Lot Essay
The Temptation of Saint Anthony was one of David Teniers the Younger’s favourite subjects and he revisited it throughout his career. In fact, among his religious paintings, The Temptation of Saint Anthony constitutes the largest homogenous group of works, with examples dating from 1635 to the mid-1660s. Initially recorded by Athanasius of Alexandria, the saint’s legend was popularised across Europe through various vernacular translations of his Vita Antonii and Jacobus de Voragine’s Golden Legend.
In Teniers’ composition, Saint Anthony is seated in his cave before an opening, a devotional book in his hand. He looks at a skull beside him, representing his contemplation of death and his repentance, and a brown terracotta water jug, symbolic of the saint’s ascetic, eremitic lifestyle. He wears a dark blue habit, with a prominent ‘tau’ cross on the shoulder, the emblem adopted by the Order of Saint Anthony on their founding in 1095. A throng of unnatural creatures and demons invades the hermit’s cave: ‘in form of divers beasts wild and savage, of whom that one howled, another siffled, and another cried, and another brayed and assailed Saint Anthony, that one with the horns, the others with their teeth, and the others with their paws and ongles, and disturned, and all to-rent his body’ (J. de Voragine, The Golden Legend: Lives of the Saints, ed. G.V. O’Neill, Cambridge, 1914, pp. 84-5). A number of the infernal creatures in this work recur in other versions of the scene by Teniers, generally taking the form of anthropomorphic animals, fish and reptiles. Teniers’ invention of these demonic types owes a clear debt to the work of Hieronymus Bosch, whose depictions of wild multitudes of demons laid the foundations for the treatment of these subjects for subsequent generations of artists, such as Pieter Bruegel the Elder and his son Jan Brueghel the Elder. In this work, the figure with a skeletal head seated in the bottom right of the panel, holding a small trumpet and wearing a hooded habit like that of Saint Anthony, relates to the figure of a musician with the head of a horse’s skull, which frequently features in Bosch’s work. Likewise, the fish-like creatures hovering in the air find their prototypes in Bosch’s paintings.

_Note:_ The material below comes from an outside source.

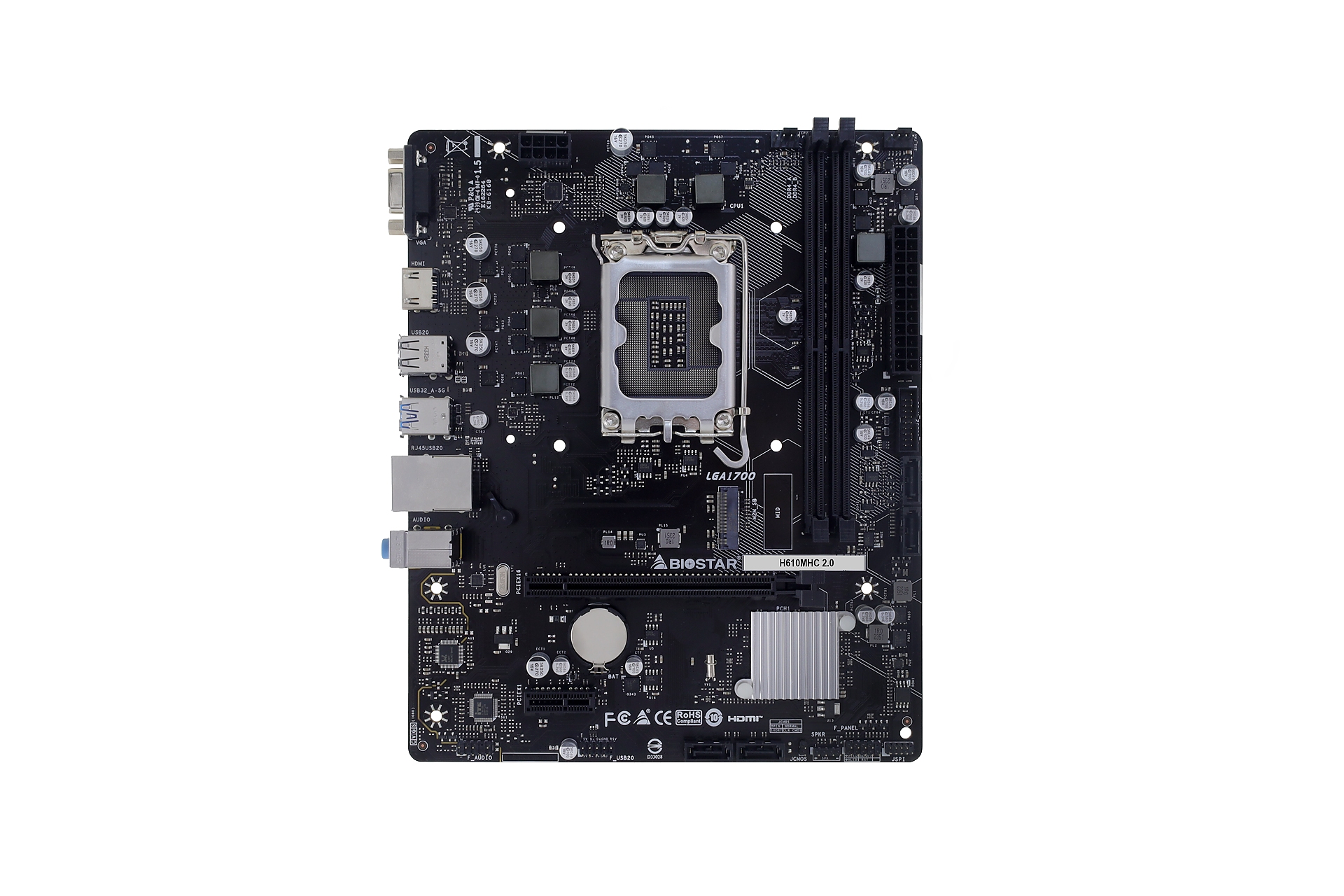 Дънна платка BIOSTAR H610MHC 2.0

The number of times Teniers returned to the subject also indicates how popular it was among his patrons, both as a moralising subject and as an opportunity of presenting the curious and the unknown, akin, perhaps, with the fashion for Wunderkammer, or 'cabinet of curiosities', which had become increasingly popular among wealthy collectors with a fascination for rare, beautiful and exotic objects.